Beeindruckende Chronik eines Lebens, einer Generation und der französischen Gesellschaft seit 1940.
Annie Ernaux verspürte schon immer das Bedürfnis, Bücher zu schreiben und seit den 80ern geisterte in ihrem Kopf die Idee herum, ihr Leben aufzuschreiben. Aber nicht als gewöhnliche Biografie einer Französin, einer Lehrerin, einer Ehefrau und Mutter, sondern vor dem Hintergrund der Entwicklungen in der französischen Gesellschaft. Nur über die Form war sie sich lange Zeit nicht klar. Als sie Anfang des neuen Jahrtausends, nun schon über 60 Jahre alt, an Krebs erkrankt, sieht sie ihre Zeit davonlaufen und verwebt ihre über Jahrzehnte gesammelten Notizen zu einem dichten chronologischen Zeugnis der letzten fast 70 Jahre.
“Etwas von der Zeit retten, in der man nie wieder sein wird.”
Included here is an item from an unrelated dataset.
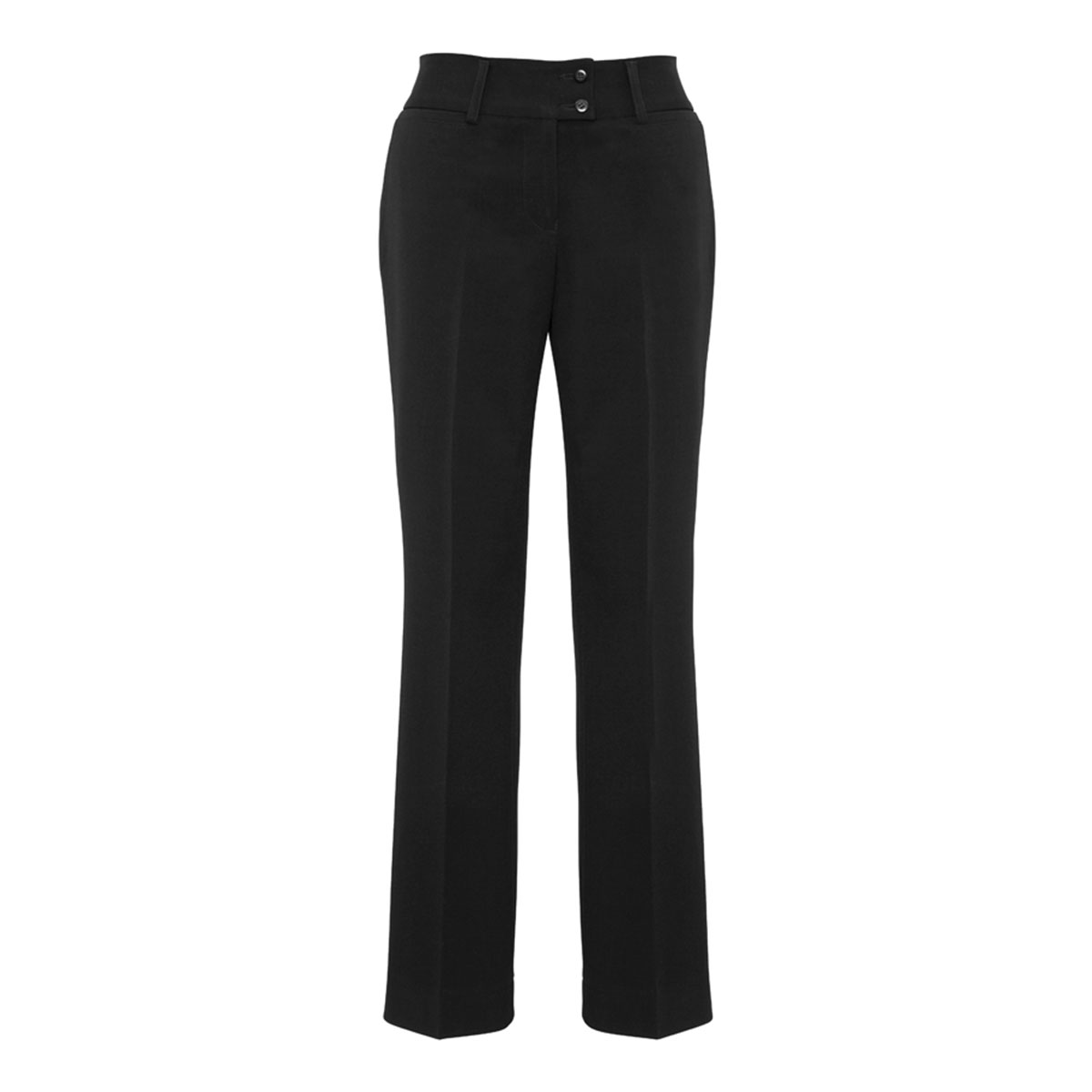 Ladies Eve Perfect Pant-Black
Der Schlusssatz ist das Motto dieses autofiktionalen Werkes. Ernaux’ Schilderungen der politischen, wirtschaftlichen und gesellschaftlichen Entwicklungen jener Jahre sind überwiegend über längere Absätze ausformuliert, teils in einem Satz pointiert kommentiert, teils als Aufzählungen einzelner Besonder- und/oder Begebenheiten stichpunktartig festgehalten. Toll ist, wie Familienfeiern über die Jahre immer wieder als Referenzpunkt dienen. Wie haben sich die Gesprächsthemen verändert? Wer redet am meisten? Wie fühlt sich die Erzählerin inmitten ihrer Familie? Erst als Kind, dann als junge Erwachsene, als junge Ehefrau und Mutter und schliesslich als Mutter erwachsener Söhne, als Grossmutter?
Wirklich genial ist dabei, dass durch die Erzählung in der dritten Person ihre Schilderung eine Allgemeingültigkeit erhält, die dem Buch eine gesamtgesellschaftliche Bedeutung und generationenübergreifende Relevanz verleihen.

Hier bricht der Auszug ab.